*** DATA FOR THIS TASK Section Begins ***
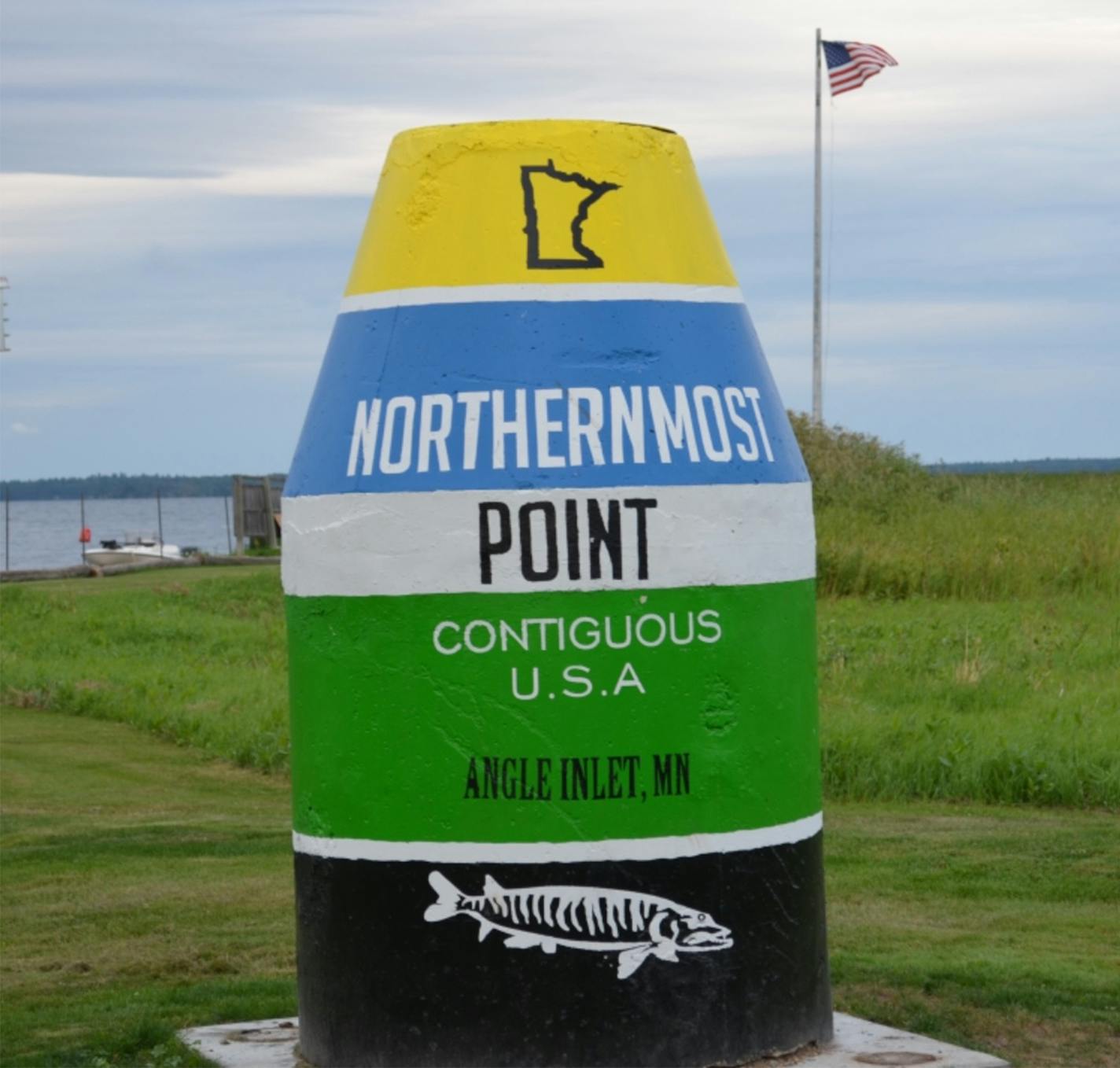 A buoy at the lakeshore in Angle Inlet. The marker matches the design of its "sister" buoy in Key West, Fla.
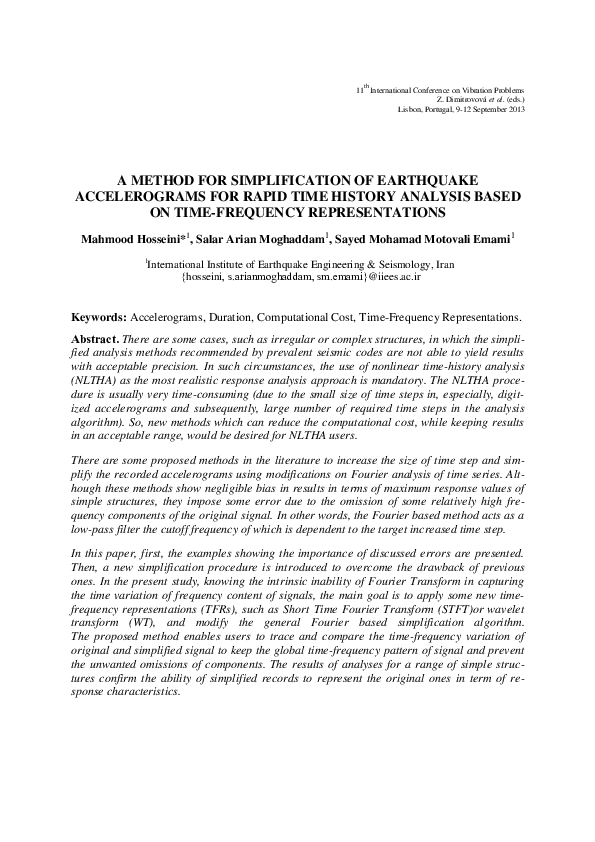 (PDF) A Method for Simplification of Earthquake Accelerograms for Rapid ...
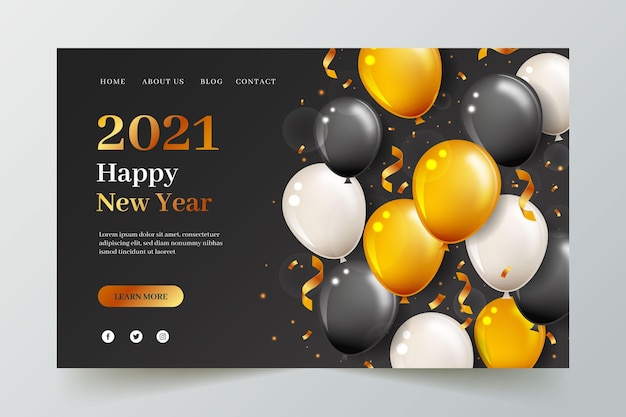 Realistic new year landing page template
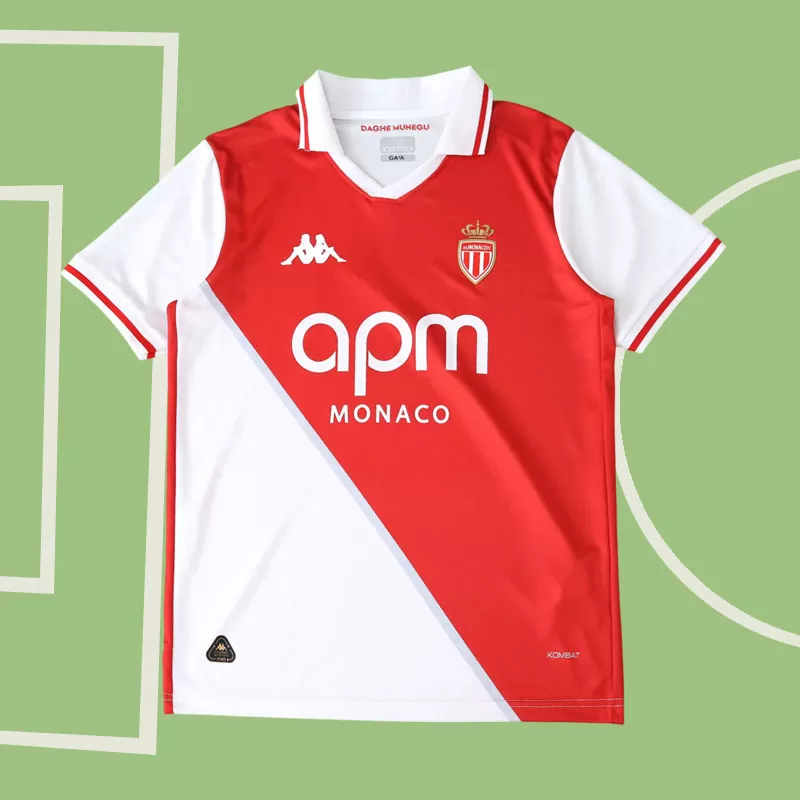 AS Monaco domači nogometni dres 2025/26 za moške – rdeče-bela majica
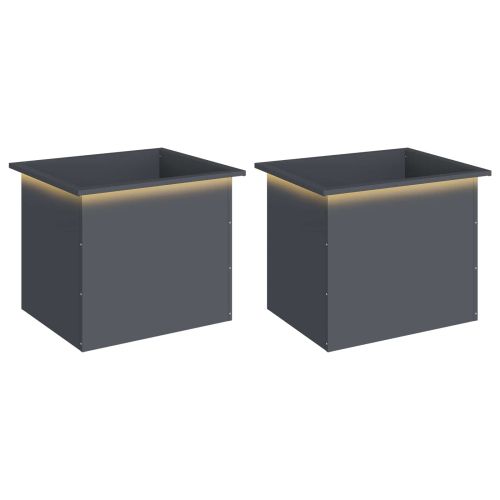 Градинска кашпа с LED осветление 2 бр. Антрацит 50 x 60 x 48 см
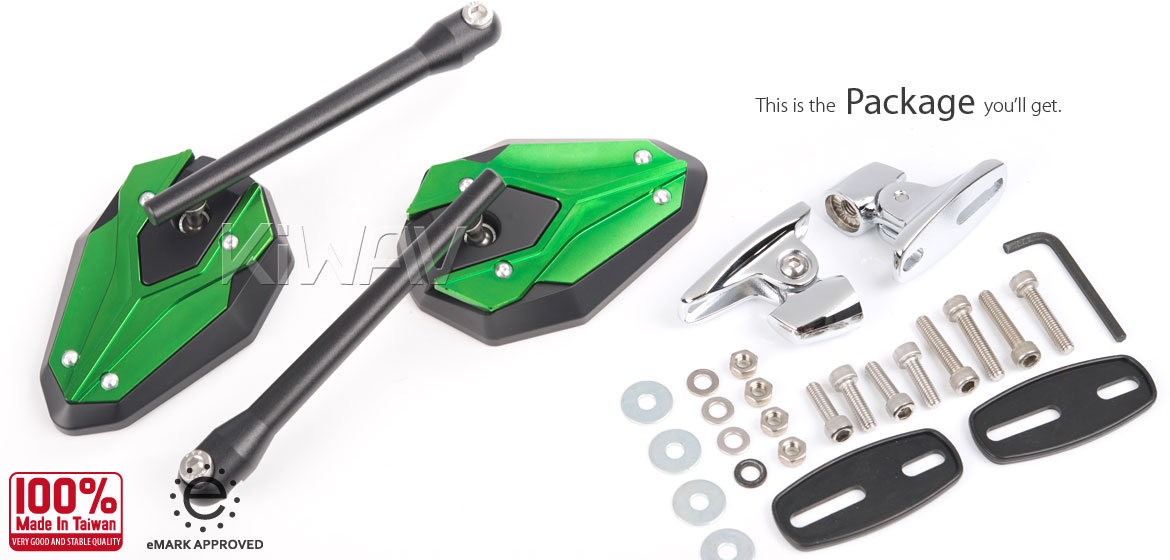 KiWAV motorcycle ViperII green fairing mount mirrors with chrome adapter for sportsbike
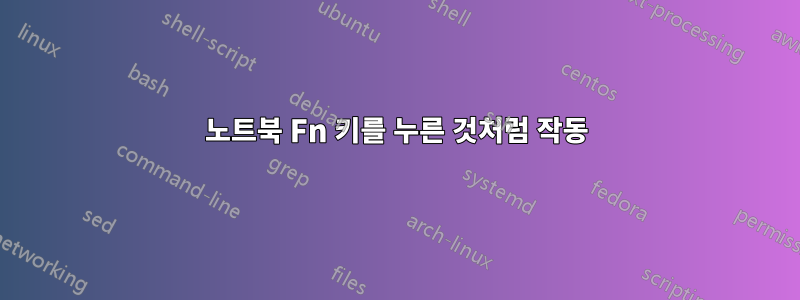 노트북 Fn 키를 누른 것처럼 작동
*** DATA FOR THIS TASK Section Ends ***
*** DATA FOR THIS TASK Section Begins ***
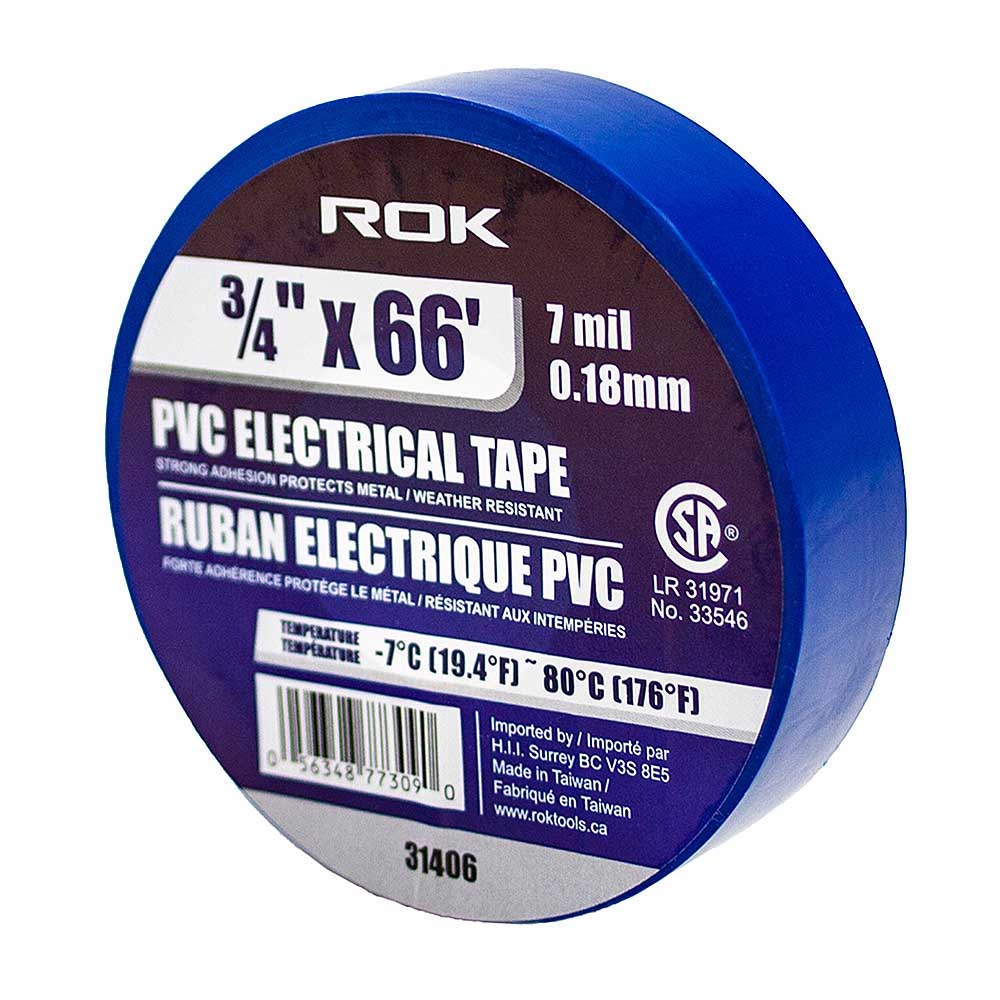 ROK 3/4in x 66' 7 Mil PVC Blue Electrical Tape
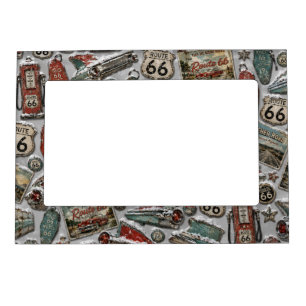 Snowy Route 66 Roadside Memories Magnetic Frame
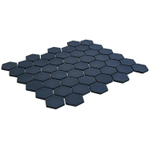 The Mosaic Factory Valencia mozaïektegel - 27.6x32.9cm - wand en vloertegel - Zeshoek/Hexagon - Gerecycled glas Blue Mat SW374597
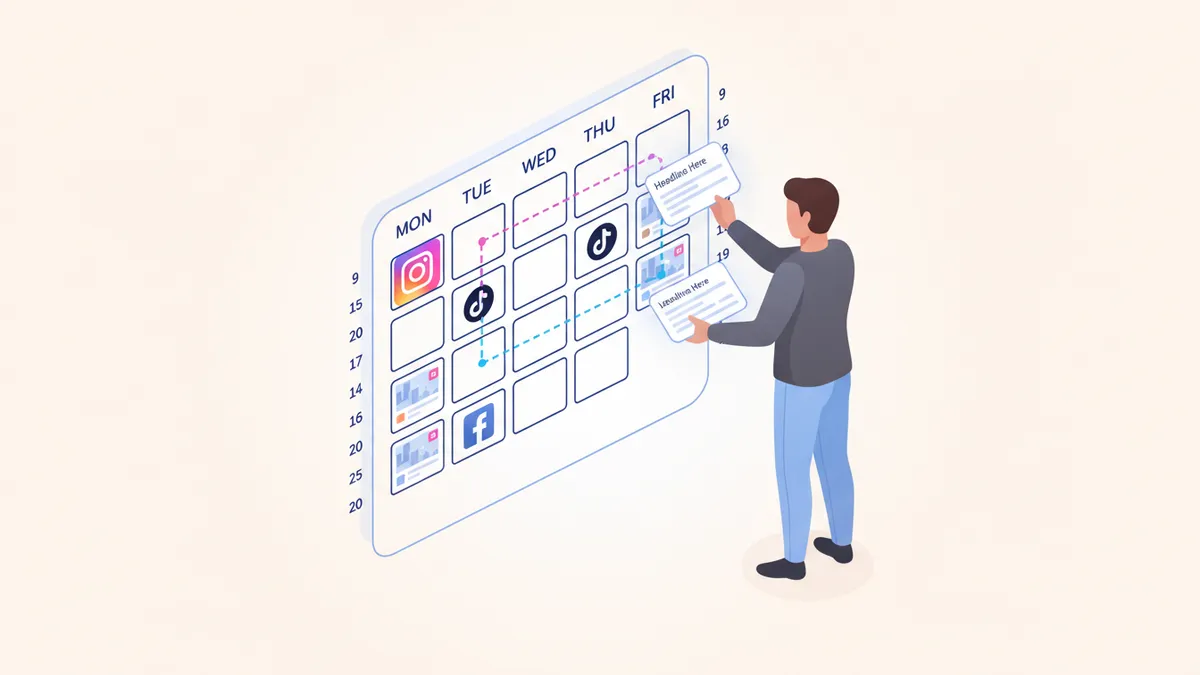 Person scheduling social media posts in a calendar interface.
*** DATA FOR THIS TASK Section Ends ***
- [WHAT YOU NEED TO DO]:
Among the records above, locate the line containing "A buoy at the" and the line containing "노트북 Fn 키를 누른 것처럼 작동", then transcribe exactly the lines starting at the first and ending at the second, with no pictures.

- [ANSWER SPACE]:
 A buoy at the lakeshore in Angle Inlet. The marker matches the design of its "sister" buoy in Key West, Fla.
 (PDF) A Method for Simplification of Earthquake Accelerograms for Rapid ...
 Realistic new year landing page template
 AS Monaco domači nogometni dres 2025/26 za moške – rdeče-bela majica
 Градинска кашпа с LED осветление 2 бр. Антрацит 50 x 60 x 48 см
 KiWAV motorcycle ViperII green fairing mount mirrors with chrome adapter for sportsbike
 노트북 Fn 키를 누른 것처럼 작동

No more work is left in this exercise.